### Input records
* * *

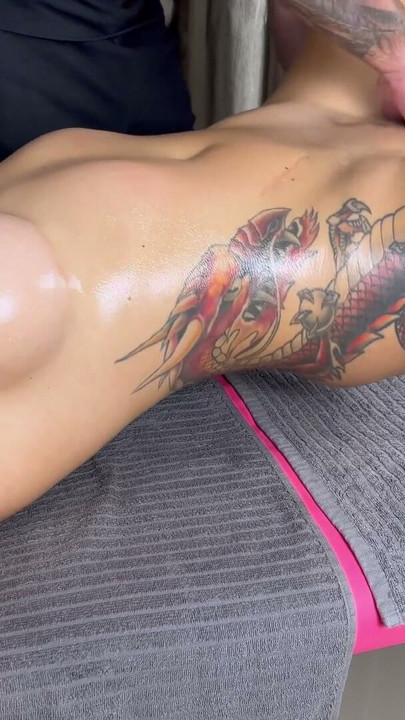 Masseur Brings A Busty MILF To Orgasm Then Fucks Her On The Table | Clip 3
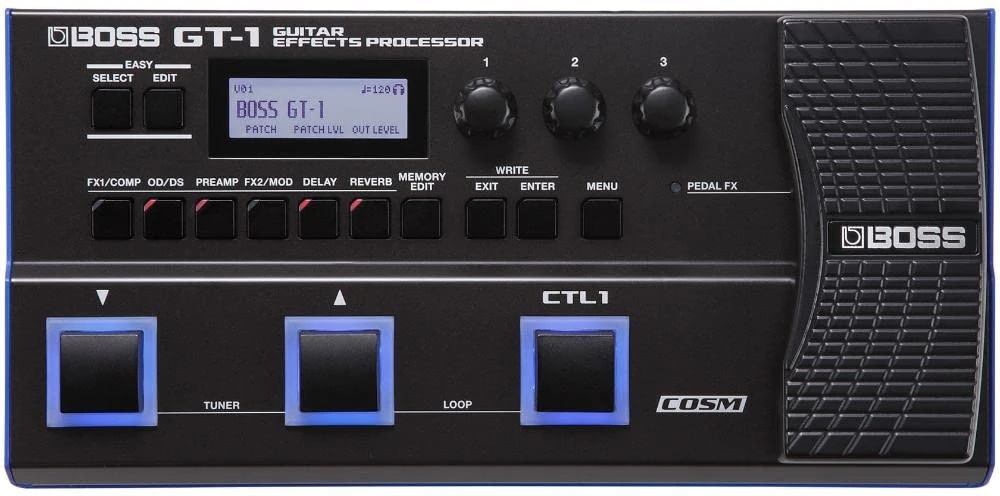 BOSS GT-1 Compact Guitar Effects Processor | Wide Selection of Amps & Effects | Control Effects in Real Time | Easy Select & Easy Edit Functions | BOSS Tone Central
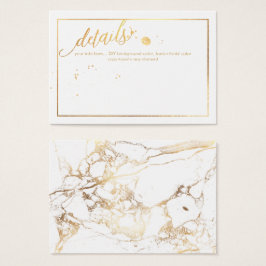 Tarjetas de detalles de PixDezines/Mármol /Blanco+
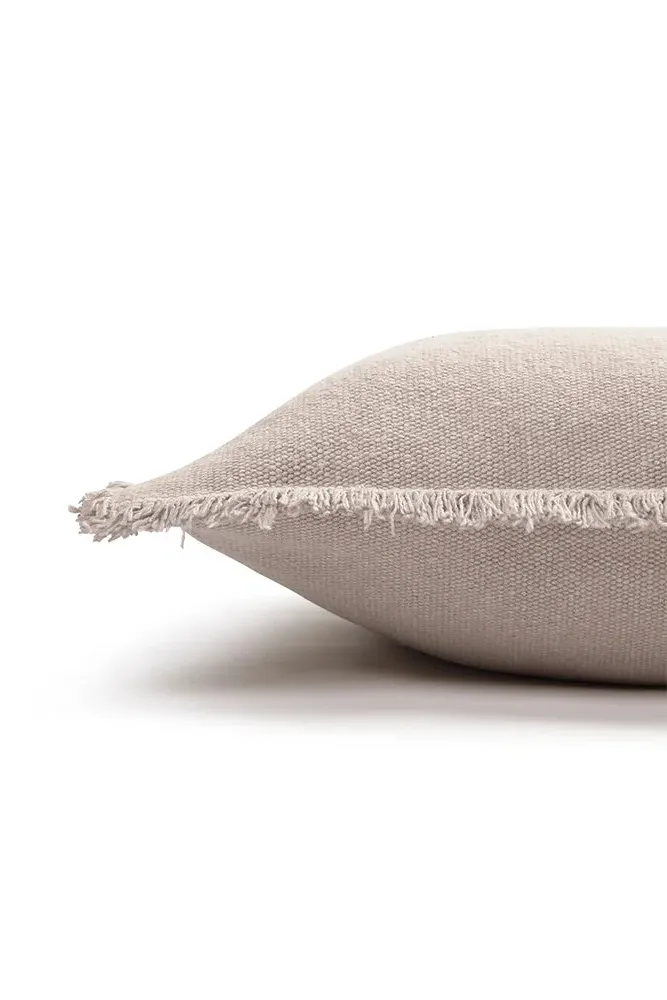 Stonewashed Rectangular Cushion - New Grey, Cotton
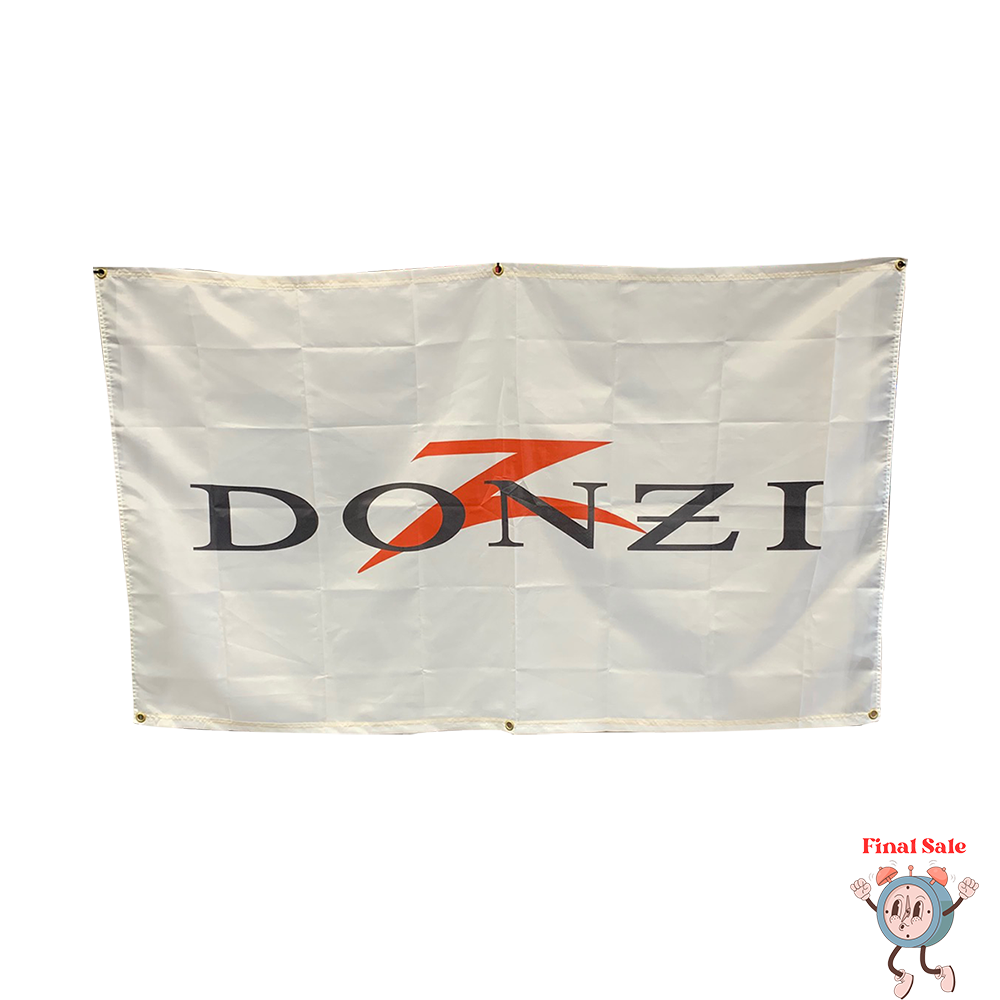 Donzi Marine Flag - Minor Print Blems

* * *

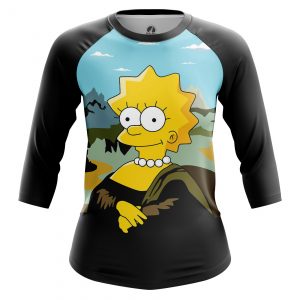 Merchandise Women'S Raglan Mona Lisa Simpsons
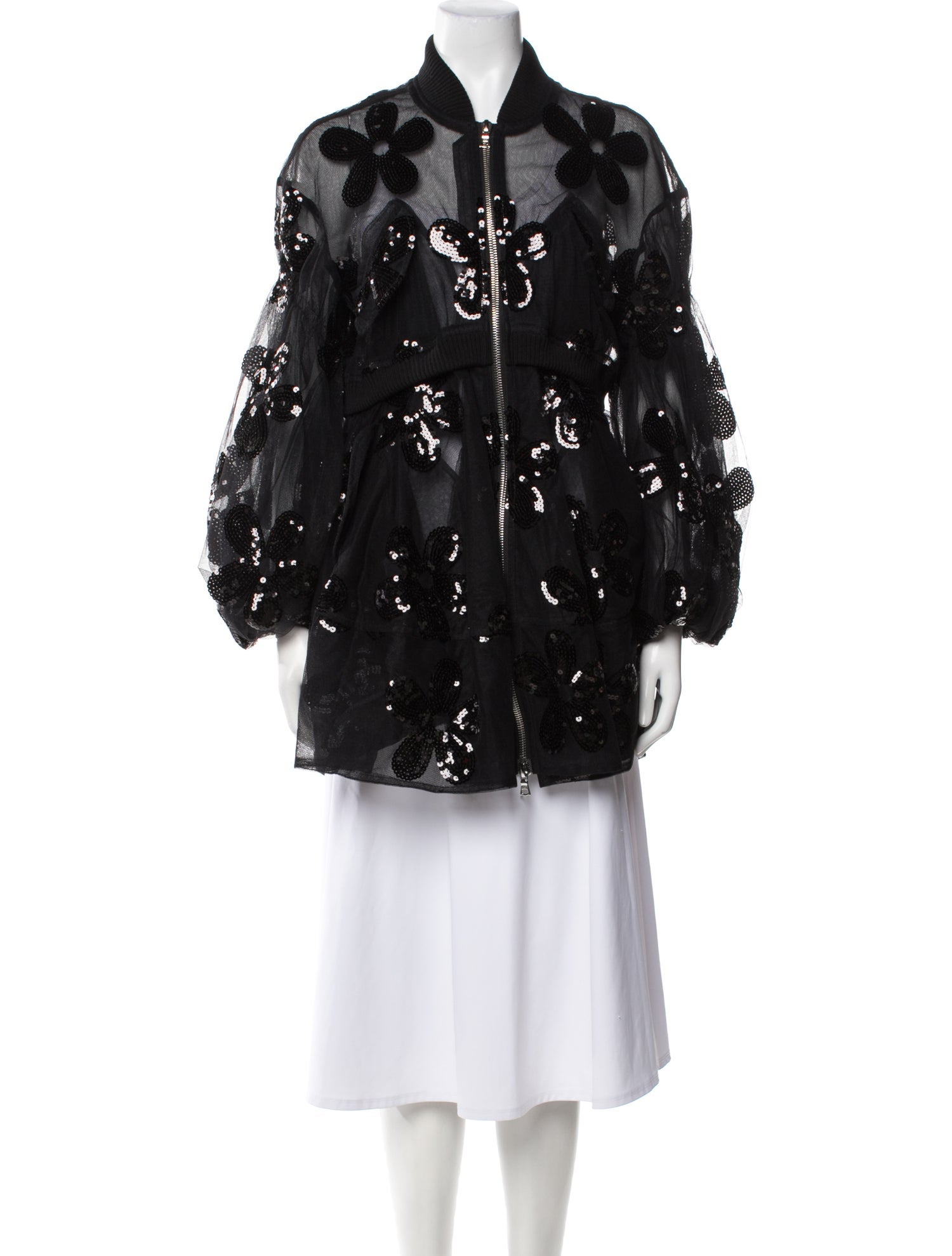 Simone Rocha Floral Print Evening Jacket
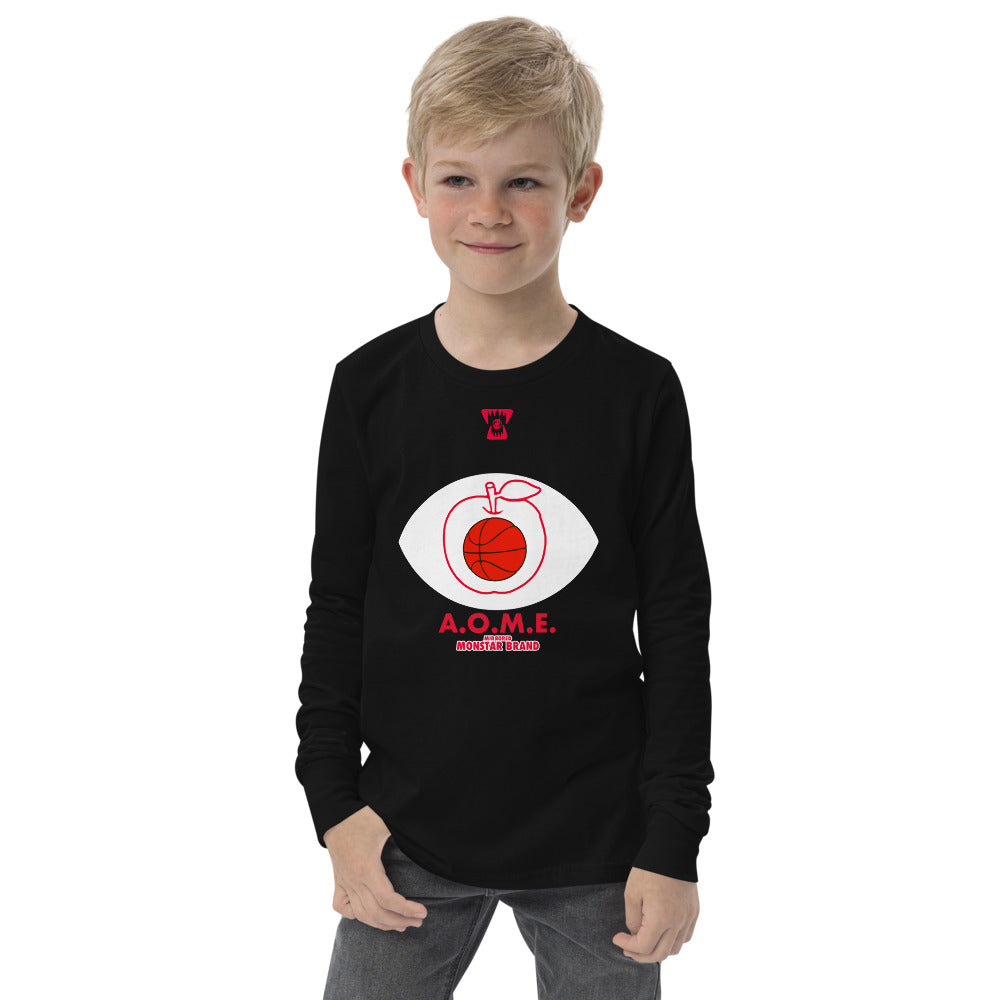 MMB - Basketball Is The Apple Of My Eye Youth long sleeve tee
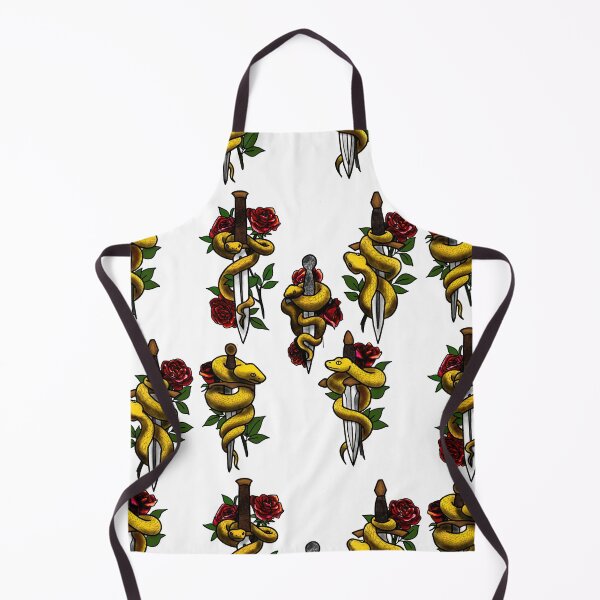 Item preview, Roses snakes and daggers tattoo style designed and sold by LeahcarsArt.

* * *

Only the lines of the listing above from the one with "Masseur Brings A" through the one with "Tarjetas de detalles" should be output, exactly, with both ends kept and pictures left out.

### Reply to the task
 Masseur Brings A Busty MILF To Orgasm Then Fucks Her On The Table | Clip 3
 BOSS GT-1 Compact Guitar Effects Processor | Wide Selection of Amps & Effects | Control Effects in Real Time | Easy Select & Easy Edit Functions | BOSS Tone Central
 Tarjetas de detalles de PixDezines/Mármol /Blanco+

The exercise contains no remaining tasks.